Khasian leaf-nosed bat
- Conservation status: Data Deficient (IUCN 3.1)

Scientific classification
- Kingdom: Animalia
- Phylum: Chordata
- Class: Mammalia
- Infraclass: Placentalia
- Order: Chiroptera
- Family: Hipposideridae
- Genus: Hipposideros
- Species: H. khasiana
- Binomial name: Hipposideros khasiana Thabah, Rossiter, Kingston, Zhang, Parsons, Mya, Zubaid & Jones, 2006

= Khasian leaf-nosed bat =

- Genus: Hipposideros
- Species: khasiana
- Authority: Thabah, Rossiter, Kingston, Zhang, Parsons, Mya, Zubaid & Jones, 2006
- Conservation status: DD

Species of bat

The Khasian leaf-nosed bat (Hipposideros khasiana) is a species of bat in the family Hipposideridae. It is endemic to Meghalaya, India. It is a cave-dwelling bat.

== Taxonomy ==
The species was earlier considered a population of H. larvatus. However. it has now been elevated to species level on the basis of different echolocation call frequencies and genetic divergence.

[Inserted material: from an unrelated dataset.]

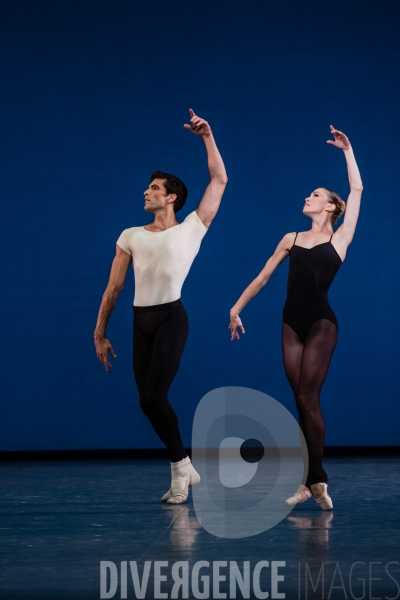 Violin Concerto / George Balanchine
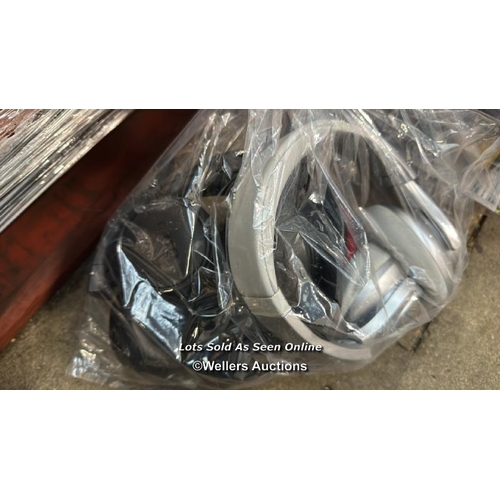 7528 - BAG OF HEADPHONES / T59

The holotype for the species was collected in the Tem-Dibai Cave.

== Biology ==

=== Echolocation ===
The bat's echolocation is a part of the 85 kHz phonic type.

== Habitat and distribution ==
The species has only been observed roosting in caves in the Khasi Hills in India. According to Mark A. Jobling in a paper about investigative genetics, the Khasian Leaf-nosed bat is an extremely rare and localized species with the chances of encountering one being very low.

== Conservation ==
The bat is considered data deficient due to the lack of substantial information regarding its habits and distribution. Its known habitat is not part of any protected area.